# Project 2 - ETL Process
# Topic: Netflix Movies & TV-Shows and their Viewer Ratings
---

## Group 7: 
---
- ### Nathan Johnson 
- ### Yameena Khan 
- ### Ben Johnson 


## Project Overview
---
Our project aims to develop an analyzable dataset of the movies and tv-shows available on Netflix along with their IMBD ratings, Metascore rating, Box Office totals, movie rating (PG, PG-13, etc). 

To develop such a dataset and tables we have extracted data from two sources:
- __Netflix Movies and TV Shows CSV file obtained from Kaggle.com__ <br>
    This dataset consists of more than 8000 Netflix Movies and TVshows.
- __API requests from OMBD.com__ <br>
     We used the list of movies & tv-shows from the Netflix Movies and TV Shows CSV file obtained from Kaggle.com and ran API requests to obtain the ratings data for those movies and shows.
     
We have used Jupyter Notebook/Pandas to transform the extracted data and then used PostgreSQL to load the transformed data and then created clear and analyzable tables which can be joined and/or filtered accordingly for further analyses. 

## Importing Dependencies

In [1]:
# import dependencies
import pandas as pd
import numpy as np
from sqlalchemy import create_engine, inspect

## Extracting Data 
---
We start by loading the CSV files into pandas dataframe in this Jupyter Notebook.
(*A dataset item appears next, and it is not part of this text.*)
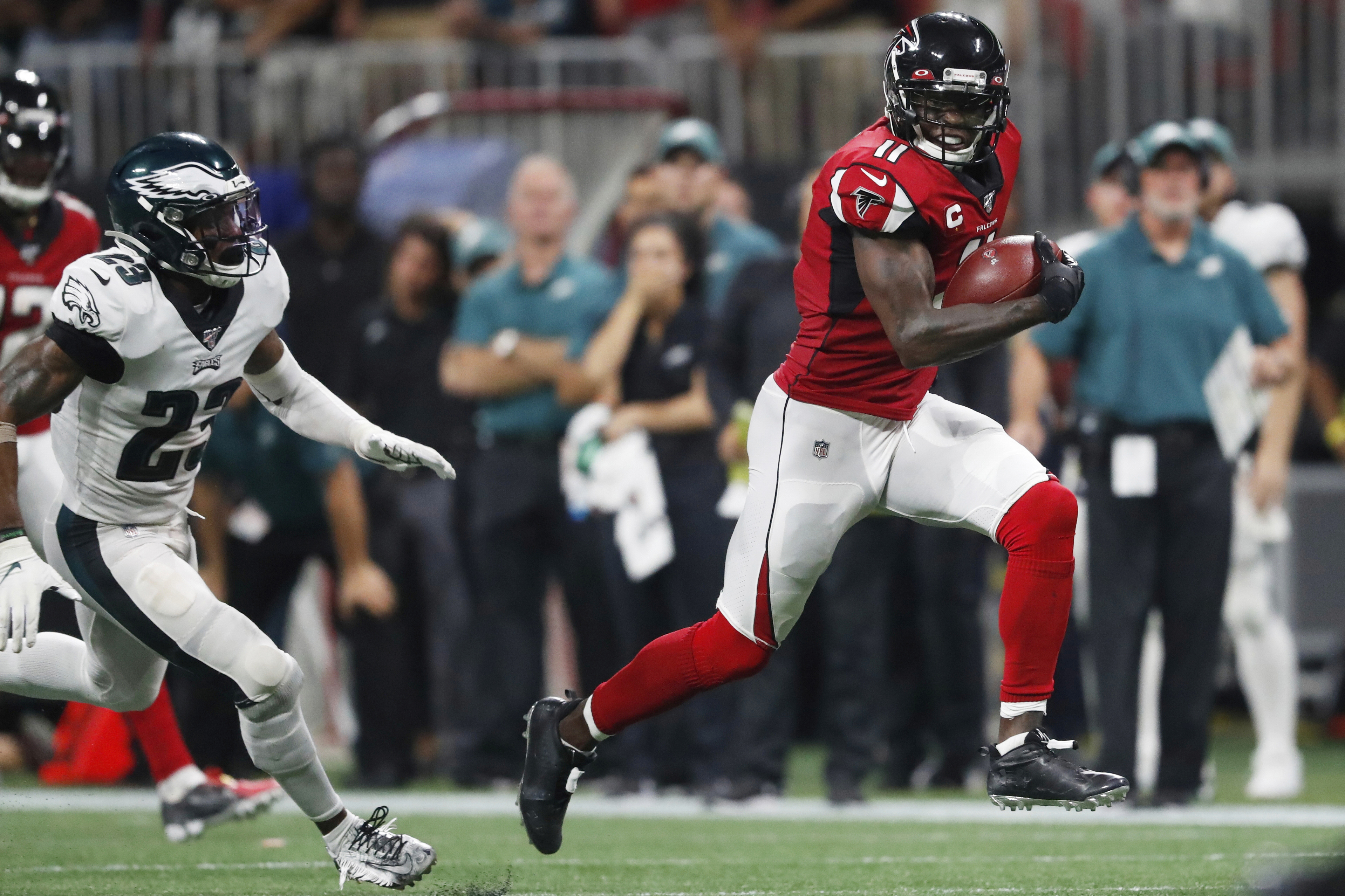 FILE - Atlanta Falcons wide receiver Julio Jones (11) runs toward the end zone for a touchdown against Philadelphia Eagles free safety Rodney McLeod (23) during the second half of an NFL football game, Sunday, Sept. 15, 2019, in Atlanta.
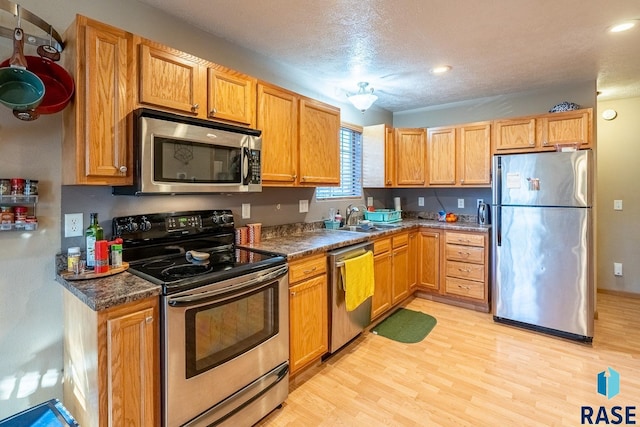 kitchen with a textured ceiling, light hardwood / wood-style floors, sink, and appliances with stainless steel finishes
First we load the Netflix Movies and TVshows dataset obtained from Kaggle and then we load the OMBD CSV that we have developed requesting data from the OMBD API website in the other Jupyter Notebook (OMDB API data extraction.ipynb) present in this Repo.

In [2]:
# this cell contains extracting the data for the first dataset
csv_netflix = 'netflix_titles.csv'
netflix_df = pd.read_csv(csv_netflix)
netflix_df.head()

Unnamed: 0,show_id,type,title,director,cast,country,date_added,release_year,rating,duration,listed_in,description
0,s1,Movie,Dick Johnson Is Dead,Kirsten Johnson,,United States,25-Sep-21,2020,PG-13,90 min,Documentaries,"As her father nears the end of his life, filmm..."
1,s2,TV Show,Blood & Water,,"Ama Qamata, Khosi Ngema, Gail Mabalane, Thaban...",South Africa,24-Sep-21,2021,TV-MA,2 Seasons,"International TV Shows, TV Dramas, TV Mysteries","After crossing paths at a party, a Cape Town t..."
2,s3,TV Show,Ganglands,Julien Leclercq,"Sami Bouajila, Tracy Gotoas, Samuel Jouy, Nabi...",,24-Sep-21,2021,TV-MA,1 Season,"Crime TV Shows, International TV Shows, TV Act...",To protect his family from a powerful drug lor...
3,s4,TV Show,Jailbirds New Orleans,,,,24-Sep-21,2021,TV-MA,1 Season,"Docuseries, Reality TV","Feuds, flirtations and toilet talk go down amo..."
4,s5,TV Show,Kota Factory,,"Mayur More, Jitendra Kumar, Ranjan Raj, Alam K...",India,24-Sep-21,2021,TV-MA,2 Seasons,"International TV Shows, Romantic TV Shows, TV ...",In a city of coaching centers known to train I...


In [3]:
# this cell contains extracting the data for the second dataset
# note that this csv was created utilizing an API that can be found in the repo in the file OMDB API data extraction.ipynb
csv_omdb = 'omdb_data.csv'
omdb_df = pd.read_csv(csv_omdb)
omdb_df.head()

Unnamed: 0,Title,Year,Rated,Released,Runtime,Metascore,imdbRating,Type,BoxOffice
0,Dick Johnson Is Dead,2020,PG-13,02 Oct 2020,1 min,89.0,7.4,movie,
1,Blood Diamond,2006,R,08 Dec 2006,143 min,64.0,8.0,movie,"$57,377,916"
2,Ganglands,2021–,TV-MA,24 Sep 2021,2 min,,7.0,series,na
3,Jailbirds New Orleans,2021–,TV-MA,24 Sep 2021,1 min,,6.7,series,na
4,Kota Factory,2019–2021,TV-14,16 Apr 2019,45 min,,9.1,series,na


## Transforming the Extracted Data
---

### Dataset no.1 - Netflix Movies and TV shows Dataframe

To make this Dataframe easily readible and more relevant to our goal we first selected the desired columns (show_id, type, title, rating, date it was added on netflix and the duration)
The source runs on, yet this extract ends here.